1888年5月16日、アメリカ電子工学学会でデモンストレーションを行い、感銘したジョージ・ウェスティングハウスから研究費100万米ドルと特許使用料を提供される。テスラの特許を使用した交流発電機は、ウェスティングハウス・エレクトリック社ベンジャミン・G・ランム(英語版)の設計で、ナイアガラの滝エドワード・ディーン・アダムズ発電所(英語版)に三相交流25サイクルのものが設置された。テスラは同年に循環磁界を発見して超高周波発生器を開発するが、ウェスティングハウス社技術陣の中で孤立して1年で離れる。
1891年、100万ボルトまで出力可能な高圧変圧器を発明する。
1893年、無線トランスミッターを発明する。
シカゴ万博会場内の電気供給に、電気館の電源システムをウェスティングハウス社が構築して交流の優位性を示した。これは、20台の単相500馬力発電機を2群にわけ、それぞれ回転子を90度ずらして二相交流12000馬力発電機として構成し、蒸気機関により駆動して発電した電力を変圧器で昇圧して送電後、再度変圧器で降圧して16燭光の電灯を1000個点灯するとともに誘導電動機を回したもので、ほかに回転変流機を設置して直流電源電車を走行させた。

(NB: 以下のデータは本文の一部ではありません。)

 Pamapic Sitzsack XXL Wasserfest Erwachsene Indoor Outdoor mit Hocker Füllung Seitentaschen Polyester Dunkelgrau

1898年、点火プラグの米国特許を取得し、無線操縦特許を取得してニューヨークマディソン・スクエア・ガーデンで無線操縦の船舶模型を実演した[2]。
1901年、J・P・モルガンの援助により、ロングアイランドのショアハムに高さ57メートルの無線送信塔「ウォーデンクリフ・タワー」を建設開始し[3]、1905年に完成するもモルガンとの関係悪化により資金繰りが悪化し研究を中断する[4]。アメリカ合衆国が第一次世界大戦に参戦すると、タワーは標的になるとして1917年に撤去された[要出典]。
1915年、エジソンとともにノーベル物理学賞受賞候補となったという噂が流れるが共に受賞しなかった[5]。1930年代にも受賞候補に選ばれるが受賞しなかった[要出典]。
1916年、米国電気工学協会エジソン勲章の授与対象になり一度は辞退するが(後述)再考後1917年にこれを受ける[6][7]。晩年は精神障害に悩まされた[要出典]。
1928年、フリーバー(Flivver)と言う名称の「空中輸送装置」の特許を得たが、これは垂直離着陸機(ティルトローター式)の最初期に当たる。
1943年1月7日、マンハッタンのニューヨーカー・ホテルで死去する。享年86歳であった。数トンの重量に及ぶとされる彼の発明品や設計図は「アメリカ軍とFBIが没収した」「ユーゴスラビアを通じてソ連の手にも渡った」と街談巷説されたが、実際はFBIの押収後に複製されて母国に返還された。原版はベオグラードのニコラ・テスラ博物館に保管され、2003年にユネスコ記憶遺産に登録された[8]。
エジソンとの確執[編集]
テスラがエジソン電灯に入社した当時のトーマス・エジソンは研究者と発明家としてすでに実績があり、エジソンへの憧憬や敬意から就職したとも考えられ、給与未払いなどの話題もあるが、両者の確執は「直流と交流との確執」に起因している。
エジソンは、エジソン好みの直流用に設計された工場システムをテスラの交流電源で稼働させたら、褒賞として5万ドル払うと提案した。直流の優位性や安全性に加えて交流の難しさなどを考慮した発言だったが、テスラはこれを成功させた。交流を認めたくないエジソンは褒賞を「冗談だった」で済ませ支払わなかったため、テスラは激怒して後に退社する。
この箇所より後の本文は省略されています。